■ Exercise description
Given the records that follow, return each one verbatim.

■ Stored entries

※ ※ ※

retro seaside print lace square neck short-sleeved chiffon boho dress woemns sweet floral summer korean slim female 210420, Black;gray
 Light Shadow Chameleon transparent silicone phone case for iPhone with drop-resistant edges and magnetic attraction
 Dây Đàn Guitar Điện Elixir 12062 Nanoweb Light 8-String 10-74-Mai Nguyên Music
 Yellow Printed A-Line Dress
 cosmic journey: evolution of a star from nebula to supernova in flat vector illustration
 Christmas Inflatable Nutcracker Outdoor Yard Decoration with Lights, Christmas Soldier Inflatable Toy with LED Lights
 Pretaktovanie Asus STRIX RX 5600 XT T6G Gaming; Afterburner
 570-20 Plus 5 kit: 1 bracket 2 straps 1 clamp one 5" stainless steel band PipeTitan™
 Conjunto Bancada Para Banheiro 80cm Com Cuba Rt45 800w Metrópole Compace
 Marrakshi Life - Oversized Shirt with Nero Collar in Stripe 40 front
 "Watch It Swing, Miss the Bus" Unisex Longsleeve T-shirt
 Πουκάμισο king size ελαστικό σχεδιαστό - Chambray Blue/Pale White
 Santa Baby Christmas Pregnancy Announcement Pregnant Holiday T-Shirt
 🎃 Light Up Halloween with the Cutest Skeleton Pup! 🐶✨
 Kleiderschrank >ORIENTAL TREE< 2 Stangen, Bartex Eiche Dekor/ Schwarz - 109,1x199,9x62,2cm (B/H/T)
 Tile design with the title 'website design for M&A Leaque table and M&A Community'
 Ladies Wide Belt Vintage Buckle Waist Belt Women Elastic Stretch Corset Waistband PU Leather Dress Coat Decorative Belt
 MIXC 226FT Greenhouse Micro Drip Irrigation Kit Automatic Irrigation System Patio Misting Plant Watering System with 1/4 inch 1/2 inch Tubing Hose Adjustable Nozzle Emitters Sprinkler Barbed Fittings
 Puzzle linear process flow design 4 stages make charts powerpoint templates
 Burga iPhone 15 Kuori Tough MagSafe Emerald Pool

※ ※ ※

■ Exercise result
retro seaside print lace square neck short-sleeved chiffon boho dress woemns sweet floral summer korean slim female 210420, Black;gray
 Light Shadow Chameleon transparent silicone phone case for iPhone with drop-resistant edges and magnetic attraction
 Dây Đàn Guitar Điện Elixir 12062 Nanoweb Light 8-String 10-74-Mai Nguyên Music
 Yellow Printed A-Line Dress
 cosmic journey: evolution of a star from nebula to supernova in flat vector illustration
 Christmas Inflatable Nutcracker Outdoor Yard Decoration with Lights, Christmas Soldier Inflatable Toy with LED Lights
 Pretaktovanie Asus STRIX RX 5600 XT T6G Gaming; Afterburner
 570-20 Plus 5 kit: 1 bracket 2 straps 1 clamp one 5" stainless steel band PipeTitan™
 Conjunto Bancada Para Banheiro 80cm Com Cuba Rt45 800w Metrópole Compace
 Marrakshi Life - Oversized Shirt with Nero Collar in Stripe 40 front
 "Watch It Swing, Miss the Bus" Unisex Longsleeve T-shirt
 Πουκάμισο king size ελαστικό σχεδιαστό - Chambray Blue/Pale White
 Santa Baby Christmas Pregnancy Announcement Pregnant Holiday T-Shirt
 🎃 Light Up Halloween with the Cutest Skeleton Pup! 🐶✨
 Kleiderschrank >ORIENTAL TREE< 2 Stangen, Bartex Eiche Dekor/ Schwarz - 109,1x199,9x62,2cm (B/H/T)
 Tile design with the title 'website design for M&A Leaque table and M&A Community'
 Ladies Wide Belt Vintage Buckle Waist Belt Women Elastic Stretch Corset Waistband PU Leather Dress Coat Decorative Belt
 MIXC 226FT Greenhouse Micro Drip Irrigation Kit Automatic Irrigation System Patio Misting Plant Watering System with 1/4 inch 1/2 inch Tubing Hose Adjustable Nozzle Emitters Sprinkler Barbed Fittings
 Puzzle linear process flow design 4 stages make charts powerpoint templates
 Burga iPhone 15 Kuori Tough MagSafe Emerald Pool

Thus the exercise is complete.